§ **TASK REQUIREMENTS**
Reproduce the data exactly and drop any pictures it holds.

##### SUPPLIED DATA

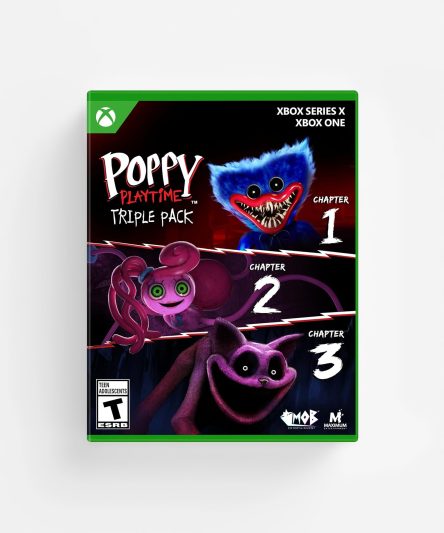 Poppy Playtime Poppy Playtime Triple Pack Xbox Series X | Xbox One Physical Game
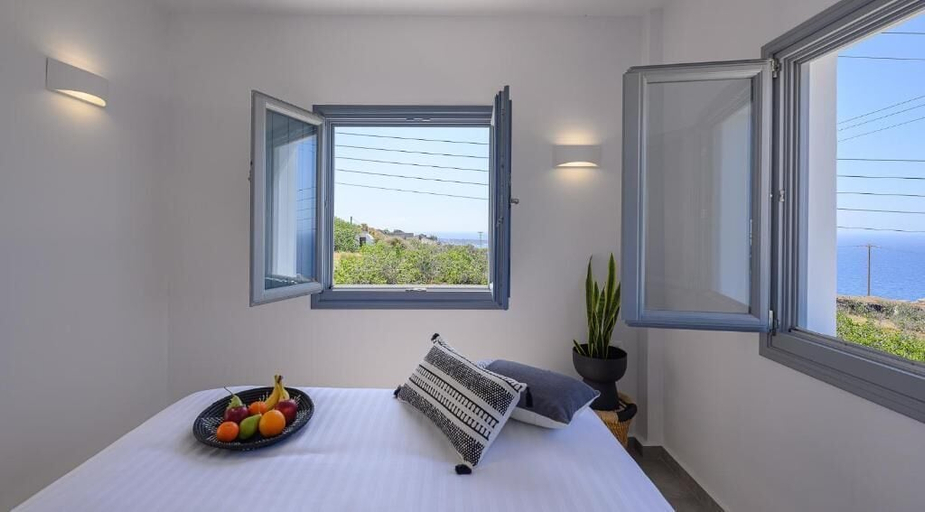 Bedroom 3, Thoè Oia Suites, South Aegean
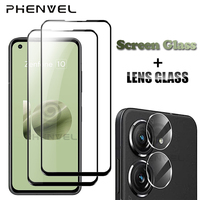 Oleophobic Protective Glass For Asus Zenfone 10 Full Cover Screen Protector Zenfone 10 Lens Tempered Glass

##########

§ **RESULT OF THIS EXERCISE**
 Poppy Playtime Poppy Playtime Triple Pack Xbox Series X | Xbox One Physical Game
 Bedroom 3, Thoè Oia Suites, South Aegean
 Oleophobic Protective Glass For Asus Zenfone 10 Full Cover Screen Protector Zenfone 10 Lens Tempered Glass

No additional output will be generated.